Reynaud scrollò le spalle. «Qui non c’è niente da fare per un cosmologo in pensione.»

«Inventi nuove teorie!» disse Schmidt. «È a questo che servono i cosmologi, no?»

«Forse. Però i miei tempi sono passati… Mi sento un fossile, una mummia esumata dopo migliaia d’anni trascorsi nell’oscurità.»

«Cos’ha combinato per farsi sbattere qui? Ha violentato una suora?»

Reynaud fissò il viso del giovane angelo. «Questo sarebbe difficile.»

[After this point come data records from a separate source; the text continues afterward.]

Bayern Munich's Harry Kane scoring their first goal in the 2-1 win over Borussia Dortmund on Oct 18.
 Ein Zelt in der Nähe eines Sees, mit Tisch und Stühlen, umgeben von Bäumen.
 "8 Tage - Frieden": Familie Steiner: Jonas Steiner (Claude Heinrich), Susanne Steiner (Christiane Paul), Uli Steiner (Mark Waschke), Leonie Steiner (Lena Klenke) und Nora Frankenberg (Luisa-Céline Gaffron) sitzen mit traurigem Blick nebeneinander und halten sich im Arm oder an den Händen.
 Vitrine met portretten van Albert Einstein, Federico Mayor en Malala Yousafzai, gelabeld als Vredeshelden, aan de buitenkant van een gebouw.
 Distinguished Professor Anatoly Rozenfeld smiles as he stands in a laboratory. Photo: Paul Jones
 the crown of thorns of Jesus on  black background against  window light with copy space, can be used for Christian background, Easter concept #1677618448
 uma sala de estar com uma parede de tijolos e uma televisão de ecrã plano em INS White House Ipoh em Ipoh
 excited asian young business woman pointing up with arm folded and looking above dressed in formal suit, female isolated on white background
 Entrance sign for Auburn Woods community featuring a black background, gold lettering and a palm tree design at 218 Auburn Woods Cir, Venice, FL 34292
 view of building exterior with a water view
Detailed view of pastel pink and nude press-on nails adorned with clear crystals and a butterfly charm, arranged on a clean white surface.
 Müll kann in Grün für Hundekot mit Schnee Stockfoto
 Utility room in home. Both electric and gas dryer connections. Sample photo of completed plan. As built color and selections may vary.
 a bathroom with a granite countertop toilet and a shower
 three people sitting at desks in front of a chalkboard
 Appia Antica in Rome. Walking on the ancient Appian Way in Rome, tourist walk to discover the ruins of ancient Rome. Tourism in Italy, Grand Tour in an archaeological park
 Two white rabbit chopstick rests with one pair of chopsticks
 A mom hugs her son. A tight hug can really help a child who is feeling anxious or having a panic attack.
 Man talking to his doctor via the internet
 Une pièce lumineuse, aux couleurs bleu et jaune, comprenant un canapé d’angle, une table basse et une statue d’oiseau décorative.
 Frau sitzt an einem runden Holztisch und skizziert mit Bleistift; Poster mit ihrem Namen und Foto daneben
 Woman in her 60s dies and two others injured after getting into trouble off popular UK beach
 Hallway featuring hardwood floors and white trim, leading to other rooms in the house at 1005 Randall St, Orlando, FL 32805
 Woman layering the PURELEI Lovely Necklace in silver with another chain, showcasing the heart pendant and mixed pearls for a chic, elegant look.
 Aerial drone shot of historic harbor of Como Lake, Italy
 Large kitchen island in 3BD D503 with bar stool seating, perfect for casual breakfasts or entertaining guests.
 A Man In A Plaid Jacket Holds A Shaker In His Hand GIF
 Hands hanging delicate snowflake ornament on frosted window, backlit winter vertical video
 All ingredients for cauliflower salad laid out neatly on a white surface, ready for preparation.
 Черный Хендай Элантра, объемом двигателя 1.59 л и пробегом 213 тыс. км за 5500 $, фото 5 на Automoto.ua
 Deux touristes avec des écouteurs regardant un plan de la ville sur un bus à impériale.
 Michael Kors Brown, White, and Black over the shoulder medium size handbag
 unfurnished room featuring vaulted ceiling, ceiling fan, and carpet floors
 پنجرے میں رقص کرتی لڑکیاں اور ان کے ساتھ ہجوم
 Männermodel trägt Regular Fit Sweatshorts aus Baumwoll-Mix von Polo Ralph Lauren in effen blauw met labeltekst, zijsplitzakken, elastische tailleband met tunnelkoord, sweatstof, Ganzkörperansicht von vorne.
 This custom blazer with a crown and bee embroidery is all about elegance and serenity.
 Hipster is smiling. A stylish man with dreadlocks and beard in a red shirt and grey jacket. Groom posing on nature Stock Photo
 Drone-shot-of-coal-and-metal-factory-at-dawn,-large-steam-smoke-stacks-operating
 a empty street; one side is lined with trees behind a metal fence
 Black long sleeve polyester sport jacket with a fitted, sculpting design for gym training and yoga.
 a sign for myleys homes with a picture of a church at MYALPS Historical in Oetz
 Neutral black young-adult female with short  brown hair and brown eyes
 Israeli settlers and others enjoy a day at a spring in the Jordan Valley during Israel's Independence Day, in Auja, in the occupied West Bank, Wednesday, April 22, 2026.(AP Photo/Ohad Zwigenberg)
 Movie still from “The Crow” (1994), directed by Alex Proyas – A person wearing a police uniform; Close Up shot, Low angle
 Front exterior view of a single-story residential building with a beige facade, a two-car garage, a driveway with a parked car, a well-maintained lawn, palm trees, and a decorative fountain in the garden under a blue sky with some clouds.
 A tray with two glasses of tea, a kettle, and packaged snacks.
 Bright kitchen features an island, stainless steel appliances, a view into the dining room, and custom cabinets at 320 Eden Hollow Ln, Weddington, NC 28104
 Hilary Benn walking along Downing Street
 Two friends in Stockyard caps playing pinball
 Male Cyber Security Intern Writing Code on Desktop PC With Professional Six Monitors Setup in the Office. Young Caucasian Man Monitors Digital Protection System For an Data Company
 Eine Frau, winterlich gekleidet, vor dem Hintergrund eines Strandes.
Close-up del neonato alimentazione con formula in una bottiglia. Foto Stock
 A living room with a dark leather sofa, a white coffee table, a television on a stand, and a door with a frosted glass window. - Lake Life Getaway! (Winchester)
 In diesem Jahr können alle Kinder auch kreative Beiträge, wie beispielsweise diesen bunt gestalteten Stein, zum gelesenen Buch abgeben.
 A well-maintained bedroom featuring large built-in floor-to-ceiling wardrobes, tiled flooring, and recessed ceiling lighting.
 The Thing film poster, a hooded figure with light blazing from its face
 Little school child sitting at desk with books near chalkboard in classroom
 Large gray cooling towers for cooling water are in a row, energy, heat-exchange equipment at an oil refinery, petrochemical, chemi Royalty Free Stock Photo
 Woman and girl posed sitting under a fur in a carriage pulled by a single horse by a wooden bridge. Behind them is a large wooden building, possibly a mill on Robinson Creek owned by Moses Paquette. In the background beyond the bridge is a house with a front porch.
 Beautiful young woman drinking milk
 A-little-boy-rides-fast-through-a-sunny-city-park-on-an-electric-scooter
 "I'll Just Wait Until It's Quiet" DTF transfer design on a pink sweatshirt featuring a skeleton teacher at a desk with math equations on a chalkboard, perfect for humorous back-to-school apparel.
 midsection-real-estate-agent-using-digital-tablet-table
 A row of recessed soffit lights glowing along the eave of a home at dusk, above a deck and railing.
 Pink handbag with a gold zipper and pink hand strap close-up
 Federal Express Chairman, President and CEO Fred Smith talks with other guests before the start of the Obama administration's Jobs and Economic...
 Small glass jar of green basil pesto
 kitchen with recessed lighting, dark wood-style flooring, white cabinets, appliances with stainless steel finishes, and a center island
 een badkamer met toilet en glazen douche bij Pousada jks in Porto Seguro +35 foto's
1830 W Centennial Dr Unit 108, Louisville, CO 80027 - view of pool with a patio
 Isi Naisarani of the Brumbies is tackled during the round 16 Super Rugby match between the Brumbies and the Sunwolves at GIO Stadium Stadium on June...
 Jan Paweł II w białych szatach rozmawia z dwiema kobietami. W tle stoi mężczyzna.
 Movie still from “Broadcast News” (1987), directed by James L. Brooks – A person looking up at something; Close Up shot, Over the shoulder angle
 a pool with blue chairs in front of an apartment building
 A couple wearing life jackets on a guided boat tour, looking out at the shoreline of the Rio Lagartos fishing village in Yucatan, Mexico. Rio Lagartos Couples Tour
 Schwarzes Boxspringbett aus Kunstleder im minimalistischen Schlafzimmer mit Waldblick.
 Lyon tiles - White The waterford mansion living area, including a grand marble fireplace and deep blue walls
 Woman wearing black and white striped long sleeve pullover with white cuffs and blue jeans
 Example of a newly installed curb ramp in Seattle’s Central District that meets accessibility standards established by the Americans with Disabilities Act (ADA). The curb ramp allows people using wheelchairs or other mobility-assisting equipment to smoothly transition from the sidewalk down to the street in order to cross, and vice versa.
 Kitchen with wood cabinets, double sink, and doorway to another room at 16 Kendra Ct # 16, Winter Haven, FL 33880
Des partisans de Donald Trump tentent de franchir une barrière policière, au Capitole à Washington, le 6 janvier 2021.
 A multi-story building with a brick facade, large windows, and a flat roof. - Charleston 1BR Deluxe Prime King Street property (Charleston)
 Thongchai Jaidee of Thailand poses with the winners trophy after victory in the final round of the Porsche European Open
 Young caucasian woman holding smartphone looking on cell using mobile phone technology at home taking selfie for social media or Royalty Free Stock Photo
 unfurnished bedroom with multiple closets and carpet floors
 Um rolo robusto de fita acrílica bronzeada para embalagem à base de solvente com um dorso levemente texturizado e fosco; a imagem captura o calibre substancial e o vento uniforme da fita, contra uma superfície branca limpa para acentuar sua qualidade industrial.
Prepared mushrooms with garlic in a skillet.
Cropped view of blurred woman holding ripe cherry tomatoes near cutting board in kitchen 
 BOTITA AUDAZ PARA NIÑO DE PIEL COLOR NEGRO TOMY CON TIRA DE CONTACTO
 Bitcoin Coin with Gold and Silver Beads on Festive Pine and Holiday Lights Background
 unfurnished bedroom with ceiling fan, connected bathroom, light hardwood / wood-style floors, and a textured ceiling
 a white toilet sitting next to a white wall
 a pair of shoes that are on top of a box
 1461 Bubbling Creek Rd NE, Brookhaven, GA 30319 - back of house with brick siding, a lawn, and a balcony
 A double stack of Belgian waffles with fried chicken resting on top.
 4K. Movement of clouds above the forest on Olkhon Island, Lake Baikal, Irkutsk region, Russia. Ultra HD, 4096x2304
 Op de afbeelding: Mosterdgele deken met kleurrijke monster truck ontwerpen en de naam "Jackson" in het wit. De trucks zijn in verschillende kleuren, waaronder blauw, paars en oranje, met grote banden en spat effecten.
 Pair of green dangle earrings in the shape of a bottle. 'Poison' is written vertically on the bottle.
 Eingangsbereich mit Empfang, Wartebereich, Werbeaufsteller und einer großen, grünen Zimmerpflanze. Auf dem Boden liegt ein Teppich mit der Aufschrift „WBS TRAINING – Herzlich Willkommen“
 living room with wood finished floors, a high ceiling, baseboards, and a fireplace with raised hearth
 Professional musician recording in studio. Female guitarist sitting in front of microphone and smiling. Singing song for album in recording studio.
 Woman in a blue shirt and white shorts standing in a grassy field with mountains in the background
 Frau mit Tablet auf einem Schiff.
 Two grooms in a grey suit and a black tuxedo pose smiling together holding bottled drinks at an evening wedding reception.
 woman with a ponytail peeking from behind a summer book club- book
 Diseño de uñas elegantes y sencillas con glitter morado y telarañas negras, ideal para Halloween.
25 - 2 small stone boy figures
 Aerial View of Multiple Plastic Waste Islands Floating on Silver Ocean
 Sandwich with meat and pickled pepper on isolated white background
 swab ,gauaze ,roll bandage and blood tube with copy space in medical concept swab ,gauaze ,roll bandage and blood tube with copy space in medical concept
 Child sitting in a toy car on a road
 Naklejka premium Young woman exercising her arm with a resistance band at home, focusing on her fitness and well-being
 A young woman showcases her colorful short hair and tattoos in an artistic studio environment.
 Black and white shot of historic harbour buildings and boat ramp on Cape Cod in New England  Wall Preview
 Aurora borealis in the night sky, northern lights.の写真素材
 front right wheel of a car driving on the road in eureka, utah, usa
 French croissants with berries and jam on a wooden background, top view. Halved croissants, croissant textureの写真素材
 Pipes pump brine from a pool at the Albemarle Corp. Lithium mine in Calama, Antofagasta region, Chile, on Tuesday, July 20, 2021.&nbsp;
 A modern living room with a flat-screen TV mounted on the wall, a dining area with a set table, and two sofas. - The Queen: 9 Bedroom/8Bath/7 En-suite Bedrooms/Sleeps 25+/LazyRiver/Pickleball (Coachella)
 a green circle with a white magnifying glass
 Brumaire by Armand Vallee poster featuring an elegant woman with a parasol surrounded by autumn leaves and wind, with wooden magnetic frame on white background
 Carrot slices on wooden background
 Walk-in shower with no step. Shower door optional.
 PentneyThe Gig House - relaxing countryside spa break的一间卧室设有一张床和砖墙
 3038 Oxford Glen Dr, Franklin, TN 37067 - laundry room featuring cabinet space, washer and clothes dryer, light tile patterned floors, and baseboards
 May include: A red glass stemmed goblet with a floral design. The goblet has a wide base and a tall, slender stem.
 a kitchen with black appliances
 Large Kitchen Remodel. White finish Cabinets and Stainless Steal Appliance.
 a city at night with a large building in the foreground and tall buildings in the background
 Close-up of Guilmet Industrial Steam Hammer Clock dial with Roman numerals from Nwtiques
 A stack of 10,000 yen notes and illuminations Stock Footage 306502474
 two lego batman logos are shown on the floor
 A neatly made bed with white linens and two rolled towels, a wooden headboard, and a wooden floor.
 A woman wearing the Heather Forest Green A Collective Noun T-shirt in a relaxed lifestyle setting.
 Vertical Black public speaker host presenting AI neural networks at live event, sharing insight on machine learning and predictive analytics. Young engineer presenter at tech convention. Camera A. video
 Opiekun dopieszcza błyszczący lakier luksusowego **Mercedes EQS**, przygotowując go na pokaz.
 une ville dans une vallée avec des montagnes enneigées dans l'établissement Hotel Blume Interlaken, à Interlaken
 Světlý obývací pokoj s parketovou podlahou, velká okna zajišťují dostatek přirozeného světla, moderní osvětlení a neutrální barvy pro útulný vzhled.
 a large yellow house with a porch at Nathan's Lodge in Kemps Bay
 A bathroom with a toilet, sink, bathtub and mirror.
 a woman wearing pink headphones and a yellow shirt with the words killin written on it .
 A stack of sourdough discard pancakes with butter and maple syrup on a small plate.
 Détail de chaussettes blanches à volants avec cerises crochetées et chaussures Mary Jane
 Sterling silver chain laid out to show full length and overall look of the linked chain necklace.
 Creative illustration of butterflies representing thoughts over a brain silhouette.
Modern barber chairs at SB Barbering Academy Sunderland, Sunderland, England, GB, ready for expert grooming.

Fumarono assieme lo spinello, finché diventò impossibile tenerlo in mano senza bruciarsi le dita. Schmidt gettò il mozzicone in acqua.

«Ne ho ancora parecchi» disse, con voce pigra, rilassata.

A Reynaud girava la testa. Si alzò, barcollò. «Credo sia meglio che io torni, adesso…»

«Resti qui. Forse quella fottuta astronave cadrà diritta nella laguna, dopo di che torneremo tutti a casa.»

«È ancora lontana più di cinquanta milioni di chilometri.»

«Benissimo, allora!» Il giovane si rizzò a sedere di scatto. «Possiamo andarle incontro a metà strada.»

«Sarebbe a dire?»

Con un sorriso complice: «Nella mia stanza… Ho certe pastiglie che ti portano diritto fra le stelle, “zoom”! Come ridere. Me le ha vendute uno dei civili che lavorano allo spaccio.»

«No, non credo…»

Ma Schmidt si tirò in piedi e afferrò Reynaud per il braccio. «Venga, le faccio vedere io. Non è il caso di spaventarsi. Sono meglio dell’alcol. Forza, venga con me.»

Reynaud lasciò che il ragazzo lo trascinasse su per la spiaggia, verso gli Alloggi Ufficiali Scapoli.